• [WHAT IS NEEDED]
Transcribe all of the listing exactly.
##########
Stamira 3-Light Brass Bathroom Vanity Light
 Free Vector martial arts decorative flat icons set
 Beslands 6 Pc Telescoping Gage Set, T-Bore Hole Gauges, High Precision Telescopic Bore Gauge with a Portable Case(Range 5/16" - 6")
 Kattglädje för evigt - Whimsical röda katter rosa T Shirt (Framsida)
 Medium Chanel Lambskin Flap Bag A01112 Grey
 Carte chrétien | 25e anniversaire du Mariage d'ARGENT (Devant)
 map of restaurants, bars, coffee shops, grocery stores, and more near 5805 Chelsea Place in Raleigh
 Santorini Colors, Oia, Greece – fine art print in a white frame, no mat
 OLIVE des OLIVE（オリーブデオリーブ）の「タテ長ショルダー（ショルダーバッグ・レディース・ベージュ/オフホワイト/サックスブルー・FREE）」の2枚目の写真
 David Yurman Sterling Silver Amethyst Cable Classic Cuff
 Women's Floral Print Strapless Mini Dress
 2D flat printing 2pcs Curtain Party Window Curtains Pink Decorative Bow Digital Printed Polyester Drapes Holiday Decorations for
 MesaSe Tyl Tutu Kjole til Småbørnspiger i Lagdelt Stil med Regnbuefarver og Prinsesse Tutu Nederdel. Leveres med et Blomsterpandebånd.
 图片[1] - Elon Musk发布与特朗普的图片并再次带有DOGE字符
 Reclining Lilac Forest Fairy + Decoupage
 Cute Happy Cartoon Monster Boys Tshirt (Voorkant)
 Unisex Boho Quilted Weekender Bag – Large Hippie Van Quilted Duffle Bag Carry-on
##########
• [TASK ANSWER]
Stamira 3-Light Brass Bathroom Vanity Light
 Free Vector martial arts decorative flat icons set
 Beslands 6 Pc Telescoping Gage Set, T-Bore Hole Gauges, High Precision Telescopic Bore Gauge with a Portable Case(Range 5/16" - 6")
 Kattglädje för evigt - Whimsical röda katter rosa T Shirt (Framsida)
 Medium Chanel Lambskin Flap Bag A01112 Grey
 Carte chrétien | 25e anniversaire du Mariage d'ARGENT (Devant)
 map of restaurants, bars, coffee shops, grocery stores, and more near 5805 Chelsea Place in Raleigh
 Santorini Colors, Oia, Greece – fine art print in a white frame, no mat
 OLIVE des OLIVE（オリーブデオリーブ）の「タテ長ショルダー（ショルダーバッグ・レディース・ベージュ/オフホワイト/サックスブルー・FREE）」の2枚目の写真
 David Yurman Sterling Silver Amethyst Cable Classic Cuff
 Women's Floral Print Strapless Mini Dress
 2D flat printing 2pcs Curtain Party Window Curtains Pink Decorative Bow Digital Printed Polyester Drapes Holiday Decorations for
 MesaSe Tyl Tutu Kjole til Småbørnspiger i Lagdelt Stil med Regnbuefarver og Prinsesse Tutu Nederdel. Leveres med et Blomsterpandebånd.
 图片[1] - Elon Musk发布与特朗普的图片并再次带有DOGE字符
 Reclining Lilac Forest Fairy + Decoupage
 Cute Happy Cartoon Monster Boys Tshirt (Voorkant)
 Unisex Boho Quilted Weekender Bag – Large Hippie Van Quilted Duffle Bag Carry-on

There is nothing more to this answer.